In a recent decision, the Second Circuit Court of Appeals considered the issue of stock price rebounds in reviving a securities fraud class action suit that had been dismissed by the district court for failure to adequately allege an economic loss as a matter of law. In Rosado v. China North East Petroleum Holdings Ltd., No. 11-4554-cv (2d Cir. Aug. 1, 2012), the Second Circuit found that the plaintiff shareholder had adequately pleaded economic loss even though the plaintiff had foregone several opportunities to sell its stock at a profit after disclosure of the alleged misrepresentations. The court reasoned that, because the subsequent price rebound may have been unrelated to the alleged misrepresentations, it was improper to credit those gains against the plaintiff’s losses. In jurisdictions that follow the China North East Petroleum decision, it will be harder for defendants in securities fraud class actions to rely on subsequent price rebounds at the motion to dismiss stage.

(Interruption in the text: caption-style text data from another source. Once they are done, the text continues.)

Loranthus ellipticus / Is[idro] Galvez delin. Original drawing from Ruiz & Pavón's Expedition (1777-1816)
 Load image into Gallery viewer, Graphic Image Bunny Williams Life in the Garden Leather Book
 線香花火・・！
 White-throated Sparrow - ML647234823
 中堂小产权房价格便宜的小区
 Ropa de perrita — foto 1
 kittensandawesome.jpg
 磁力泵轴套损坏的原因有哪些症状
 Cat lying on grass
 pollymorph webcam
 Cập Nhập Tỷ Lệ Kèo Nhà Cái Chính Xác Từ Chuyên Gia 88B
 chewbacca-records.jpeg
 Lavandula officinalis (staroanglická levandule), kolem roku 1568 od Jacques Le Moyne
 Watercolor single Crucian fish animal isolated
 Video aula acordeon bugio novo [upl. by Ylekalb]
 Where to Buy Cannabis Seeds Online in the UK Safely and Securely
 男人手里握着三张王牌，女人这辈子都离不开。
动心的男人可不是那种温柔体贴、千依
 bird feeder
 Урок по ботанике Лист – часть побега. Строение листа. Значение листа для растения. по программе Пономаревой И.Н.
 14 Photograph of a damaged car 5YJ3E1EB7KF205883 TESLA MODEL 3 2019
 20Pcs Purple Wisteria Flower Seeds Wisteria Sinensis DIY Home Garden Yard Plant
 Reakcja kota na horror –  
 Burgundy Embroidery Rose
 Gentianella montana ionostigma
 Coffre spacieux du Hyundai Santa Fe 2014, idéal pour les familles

Background Facts and Procedural History
The plaintiff, suing on behalf of a putative class of shareholders of China North East Petroleum Holdings (NEP), alleged that the company misled investors about its reported earnings, oil reserves, and internal controls. The plaintiff further alleged that this information gradually became public starting with disclosures in February 2010 when the company withdrew its financial statements and revised its prior earnings downwards. NEP subsequently announced in April 2007 that there would be delays in its SEC filings, that it faced possible de-listing by the New York Stock Exchange (“NYSE”) and that there were certain deficiencies in its internal controls. NEP’s stock price fell sharply in the days following these disclosures. In May 2010, NEP announced that the NYSE had stopped trading of the company’s stock. The same release also announced the resignation of certain members of management for financial improprieties. Over the summer, the chairman of NEP’s audit committee resigned over concerns whether the company’s financial statements were properly prepared in accordance with GAAP and whether the company had bribed foreign government officials. When NEP’s stock resumed trading in September 2010, its price dropped almost 20 percent on high trading volume.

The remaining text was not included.